The shapes of the ends of the canoes (nose) distinguish the styles of different tribes. The top canoe is a Chippewa Long Nose, the middle one is a Beotuk, and the bottom one is an Algonquin. Hafeman Boat Works also has forms for nose styles in Malecite and Tetes de Boule.

20240909_150034.jpg

Birch bark canoes are made right side up and from the outside in, which is the opposite way in which cedar strip canoes are constructed. The white, waterproof side of the bark is in; the yellow side is out because that side soaks up water to make it more pliable. Pieces are lapped and sewn together with the spruce roots; the bow stem is inserted and sewn into place to shape the ends of the canoe. These stems are bent by soaking them. They are then fitted into a wooden form and left to dry. Sides are pulled up and held in place by another wooden form; gunwales are bent and secured. Forty-eight-inch-long strips of cedar are inserted perpendicularly, and ribs are formed (via steam processing) and pounded in place. The ends of the ribs are caught under the gunwales, thus applying pressure against the lining. This, in turn, exerts pressure against the bark and maintains the form of the canoe. Pitching the canoe—or putting pitch (polyurethane sealant) over the seams—is the final step.

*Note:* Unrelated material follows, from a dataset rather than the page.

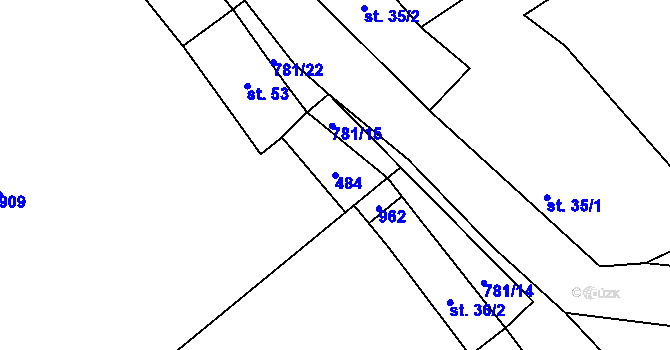 Parcela st. 484 v KÚ Pohorovice, Katastrální mapa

Each Hafeman Boat Works birch bark canoe is a work of art. Visitors can witness the process and hear the stories of local history. Spending an afternoon at the Hafeman Boat Works is something the whole family will enjoy and remember for years to come.  

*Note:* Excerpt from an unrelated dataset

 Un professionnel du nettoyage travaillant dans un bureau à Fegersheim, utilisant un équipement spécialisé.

Traditional Birch Bark Canoe Types

 

Montreal: Thirty-seven feet long; used by the voyageurs on the Great Lakes during the fur trading era as it could carry three tons of goods plus its crew and gear.

North: Twenty-six feet long; traders used these to navigate inland lakes and rivers to transport several tons of bartered goods and furs west of Lake Superior.

Chippewa Long Nose: Either sixteen feet (two-person) or thirteen feet long (solo); traditionally used by Native Americans in this area. This is the standard canoe made at Hafeman Boat Works.

20240909_141410.jpg

If the door is open and a canoe is outside, visitors are welcome to stop in at the Hafeman Boat Works.

IF YOU GO? 

Hafeman Boat Works is located at 59520 State Hwy. 6, Bigfork, Minnesota (about thirty miles north of Deer River).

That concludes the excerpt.